### Work required
Every line in the data below that includes "from" belongs in the answer, copied as it stands.

### Records for this task
★ ★ ★ ★ ★
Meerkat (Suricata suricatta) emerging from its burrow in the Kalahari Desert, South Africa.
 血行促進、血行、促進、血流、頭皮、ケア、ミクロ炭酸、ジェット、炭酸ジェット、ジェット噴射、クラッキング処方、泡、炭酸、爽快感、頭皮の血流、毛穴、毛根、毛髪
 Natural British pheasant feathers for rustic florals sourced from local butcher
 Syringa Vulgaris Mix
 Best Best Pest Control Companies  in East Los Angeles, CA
★ ★ ★ ★ ★
### Result for this task
Meerkat (Suricata suricatta) emerging from its burrow in the Kalahari Desert, South Africa.
 Natural British pheasant feathers for rustic florals sourced from local butcher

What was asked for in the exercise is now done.